Second speaker : Ali Abbas 博士
Topic: Augmentation of Natural Convection Heat Sink via Using Displacement Design
Date & Location : 2020/04/23 (Thu) 3:30 pm - 5:30 pm
Engineering 5 Building B1 International Conference Hall , Classroom 106,205,210 (工程五館 B1 國際會議廳, 教室106,205,210)
Abstract:
Miniaturization of electronic devices demands an effective
thermal management system for efficient cooling. Still, many
electronic industries use natural convection cooling techniques
like plate-fin heat sinks as far as no moving part (noise) and
reliability is concerned. In this study, enhancement upon the
widely used plate fin design is incorporated though
displacements. The effect of providing displacement between
alternate fins of plate-fin heat sink is experimentally and
numerically investigated under natural convection condition.
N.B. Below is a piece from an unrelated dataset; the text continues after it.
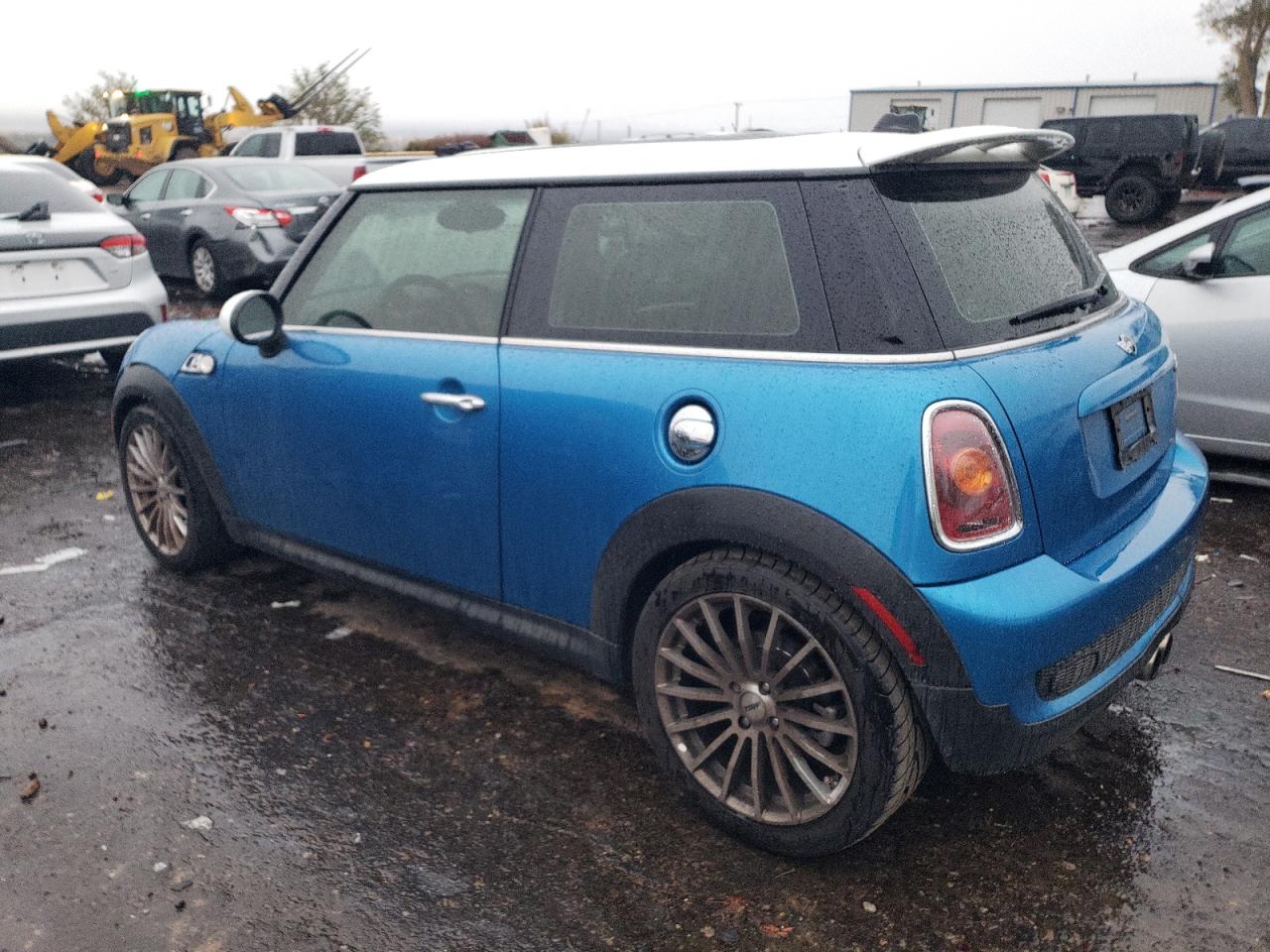 2007 MINI Cooper - Image 2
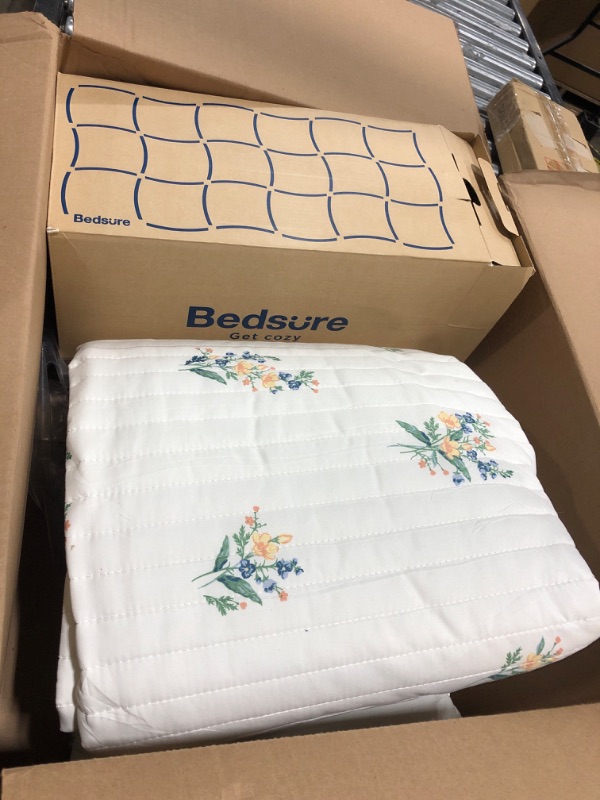 Photo 4 of Bedsure California King Quilt Set - Reversible Floral Quilt Bedding Set, Botanical Spring Flower Microfiber Lightweight Bedspread, Coverlet Set with 2 Pillow Shams for All Seasons (112"x104") Bouquet California King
The effect of fin spacing, length, height, and heat flux on
thermal performance is studied. For the smaller fin pacing,
introducing the fin displacement will delay the merging of
boundary layers, and reduce the length of fully developed
region. The design can also entrain the outside air to flow into
the fin array at the upper portion of heat sink for additional
enhancement. The fin displacement effects are especially
effective for a smaller fin spacing due to the larger fully
developed region prevails. On the other hand, the fin
displacement effect can provide an opposite effect when a very
wide fin spacing is used. Similarly, the increase in the fin length
also enhances the heat transfer performance under the fin
displacement conditions. Yet the effect of fin height on the
thermal performance is small and the effect of heat flux is
negligible. The maximum reduction in the thermal resistance is
56% by adopting the displacement design. A drop in fin
temperature at the upper portion for the displacement design
can lead to a reduction in heat transfer coefficient unless it is
accompanied with the drop in air temperature at the same
region. For the heat sink with 3 mm spacing, 100 mm length
and 0.9 emissivity the ratio of heat transfer by radiation to the
total heat dissipation is 38%, while it declines slightly to 34%
with 30 mm displacement despite the increment in view factor
value. For the fixed volume in space, the heat sink with fin
displacement offers a 30% heat transfer enhancement ratio,
28.7% reduction in total mass, and 27.4 % reduction in surface
area over the conventional heat sinks.